Sul fenomeno ne è stata ricavata in Nigeria una serie,  One Chance, al centro le storie di un gruppo di passeggeri presi in ostaggio da una sgangherata banda di rapinatori. L’intera vicenda si svolge in presa diretta e coinvolge più personaggi: un universitario seduto in fondo all’autobus sta girando un video insieme a due amici e attrae l’attenzione di uno dei rapinatori, un anziano signore che crede di essere una specie di santone (presenza tipica sui mezzi pubblici nigeriani) e che desidera essere immortalato mentre fa deliranti sermoni ai passeggeri terrorizzati, costringendoli a intonare inni religiosi e canti popolari.

Diversi protagonisti ma estremamente comuni nel paese africano, almeno quanto il santone, sono rappresentati puntata dopo puntata: dal rapinatore giovane in preda ai deliri della cocaina che uccide un passeggero, passando al venditore ambulante che vende unguenti miracolosi, per arrivare alla donna incinta e combattiva perfino più crudele dei suoi aguzzini. La rapina si trasforma in rapimento e la serie lascia il finale aperto all’interpretazione dello spettatore. C’è una distanza stilistica e concettuale tra questa e qualsiasi altra produzione televisiva occidentale e impone ai nostri occhi un linguaggio diverso che parla di un mondo a noi sconosciuto. La qualità delle riprese è volutamente sgranata, fortemente contrastata negli interni di un autobus che viaggia di notte e la disposizione stessa dei passeggeri, apparentemente casuale, struttura le immagini in forme che aprono e chiudono la visione quasi fossero quinte teatrali.

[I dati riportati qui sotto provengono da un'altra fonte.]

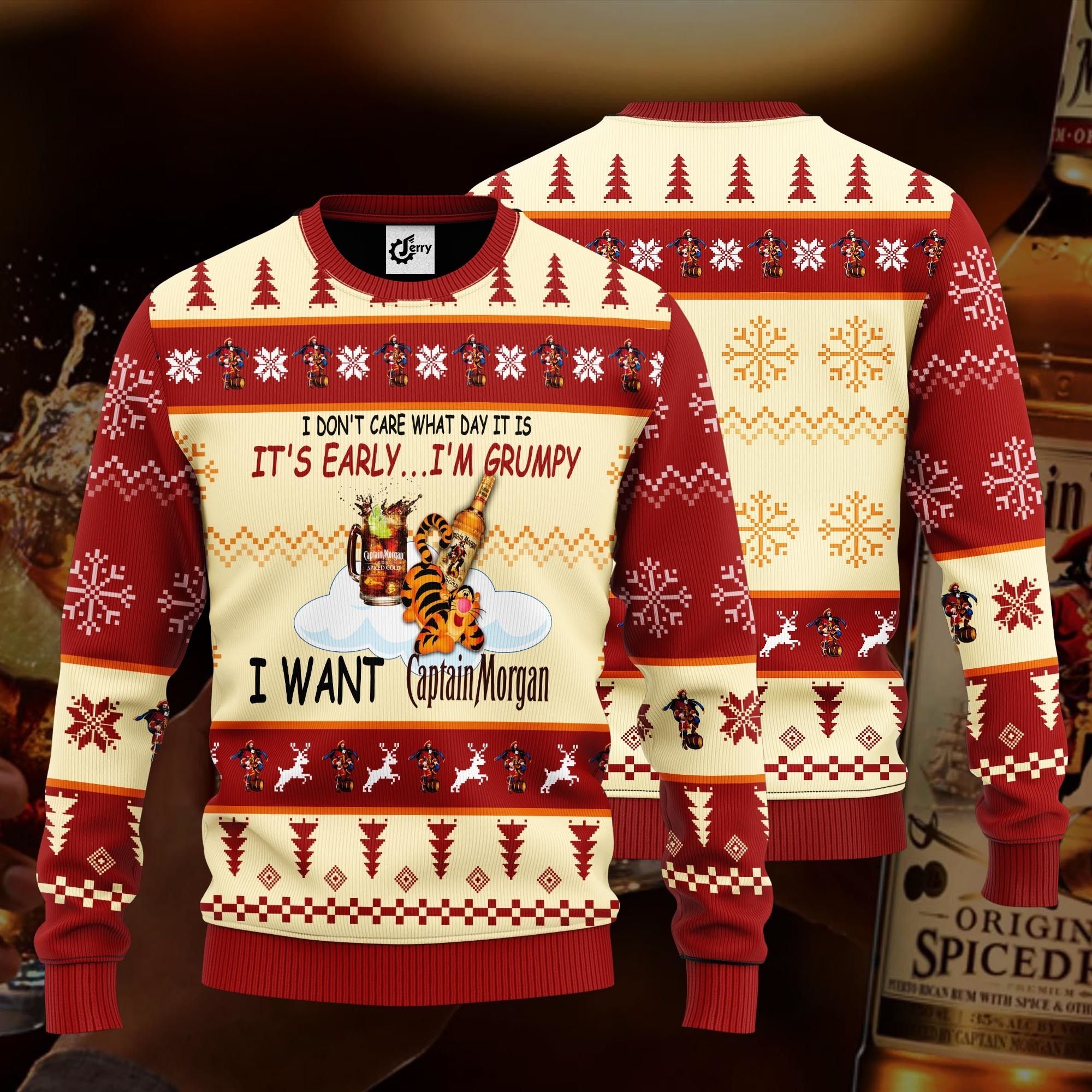 I Don'T Care What Day It Is It'S Early I'M Grumpy I Want Captain Morgan Ugly Christmas Sweater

La fiction potrebbe risultare ostica a uno spettatore occidentale, e probabilmente anche a uno nigeriano, dato il distintivo sperimentalismo della struttura e delle immagini, ma se proprio si volesse cercare un punto di riferimento, la fiction potrebbe definirsi un Lost del terzo mondo, in cui l’elemento mistico è trasposto nella distorta religiosità del rapinatore-santone. Qualcuno potrebbe dire che One Chance non è che una trovata, un gioco formale che esalta un problema tutto sommato minore in Nigeria, se si pensa che la sola frangia islamica Boko Haram è responsabile di migliaia di morti. Ma questa critica potrebbe essere rivolta anche a opere come, si parva licet, Ladri di biciclette, che racconta la tragedia del dopoguerra attraverso il fenomeno apparentemente minore dei furti di biciclette.

Xavier Ighorodje, giovane ingegnere come il protagonista della serie svizzera, è l’autore insieme al regista James Omokwe di One Chance, un progetto che le autorità svizzere avrebbero dovuto vedere prima di pensare che il loro Missing Step avrebbe potuto dissuadere un nigeriano dal tentare la sua chance in Svizzera. Ighorodje e Omokwe mostrano un popolo talmente abituato alla cattiva sorte, e tanto unito nel considerarsi uniformemente vittimizzato dal mondo, da consociarsi anche a rischio della vita in un finale diverso da quello di Ladri di biciclette, dove si mostra la rivolta di un’intera comunità.